Retail investors will drive the stock market higher in 2023 as they start to invest their $1.8 trillion cash pile, Fundstrat says

Matthew Fox   

Retail investors will drive the stock market higher in 2023 as they start to invest their $1.8 trillion cash pile, Fundstrat says
Stock Market2 min read
  • Retail investors could power the stock market higher this year after they "rage sold" stocks in 2022, according to Fundstrat.
  • "Retail investors were liquidating stocks at such a furious pace that cash balances sit at an all-time high," Fundstrat's Tom Lee said.
  • Lee highlighted that retail investors have $1.8 trillion cash at the same time expectations for a recession are falling.

The stock market should continue to trend up to record highs in 2023, and retail investors are going to help get it there, Fundstrat's Tom Lee said in a Wednesday note.

Lee observed that retail investors now hold a record $1.8 trillion in cash, and that is plenty of fire power to drive stocks higher at a time when expectations of a recession are starting to fall dramatically.

"Retail investors were liquidating stocks at such a furious pace that cash balances sit at an all-time high," Lee said, adding that they "rage sold" stocks in 2022 due to inflation and lingering recession fears.
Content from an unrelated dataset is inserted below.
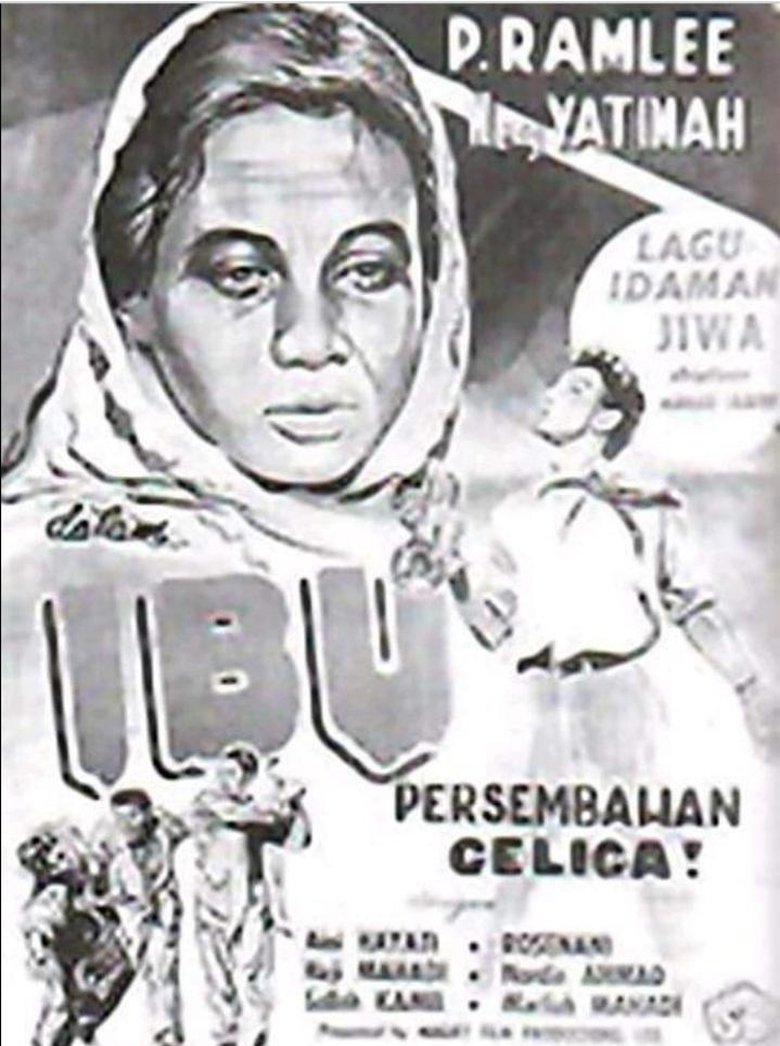 Poster of Ibu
And the cash pile grows even bigger when you include the $3 trillion sitting in money market funds held by institutional investors. That's $5 trillion of combined fire power that could make its way back into the stock market as investors grow less concerned about an imminent economic calamity.

Retail investors could put their cash pile to work soon, based on a recent sentiment shift, according to Lee.

"One of the best ways to see retail sentiment is to look at the AAII survey percentage [of] net bulls. This is showing how retail bearishness is at levels perhaps never seen in the history of they survey," Lee said.

Bearish responses to the survey outweighed bullish responded for a record streak that lasted nearly a year, but bulls just re-established themselves in last week's survey results. Now, the spread between bullish and bearish responses is turning higher.

"This turned up in May 2009 and confirmed the equity lows. This, in our view, is another sign that equity markets made their lows on October 12, 2022," Lee said.

The stock market bearishness among retail investors also spread to institutional investors over the past two years, with two-thirds of a recent BofA survey calling the current stock market rally a "bear market rally."

"Combined with the rage selling of retail, [this] argues why stocks have upside. There is a huge wall of worry ahead and a lot of liquidity and skepticism," Lee said.

Lee has a year-end S&P 500 price target of 4,750, which represents potential upside of 15% from current levels.